Passage
With a good will serving, as to the Lord, and not to men.
With a good will serving, as to the Lord, and not to men.
Ephesians 6:5 Servants, be obedient to them that are your lords according to the flesh, with fear and trembling, in the simplicity of your heart, as to Christ.
Ephesians 6:6 Not serving to the eye, as it were pleasing men: but, as the servants of Christ, doing the will of God from the heart.
Ephesians 6:7 With a good will serving, as to the Lord, and not to men.
Ephesians 6:8 Knowing that whatsoever good thing any man shall do, the same shall he receive from the Lord, whether he be bond or free.
Ephesians 6:9 And you, masters, do the same things to them, forbearing threatenings: knowing that the Lord both of them and you is in heaven. And there is no respect of persons with him.
The verse centers on "good", "serving", and "lord". It is saying that the verse draws attention to "good" and "serving", so its meaning should be read from those terms before moving to application.

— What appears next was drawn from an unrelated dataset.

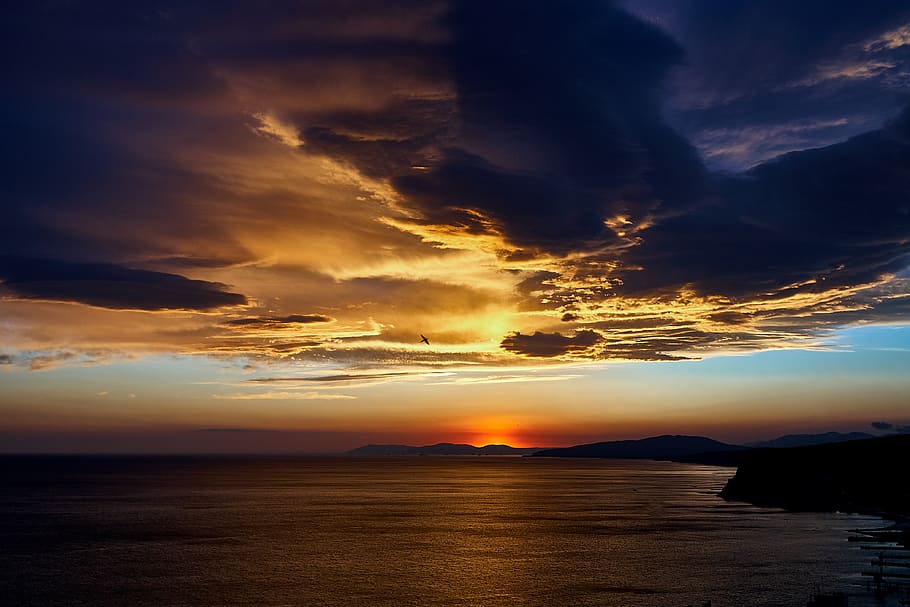 view of ocean, nature, outdoors, sky, sunset, sunlight, dawn HD wallpaper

The nearby context moves from verse 6's "Not serving to the eye as it..." into verse 8's "Knowing that whatsoever good thing any man...", so "good" and "serving" belong inside that flow. In Ephesians context, the local focus is grace, union with Christ, the church, and new creation.
A plain takeaway is to answer the verse's own emphasis on "good" and "serving" with trust shaped by these words, not by a vague optimism outside the passage.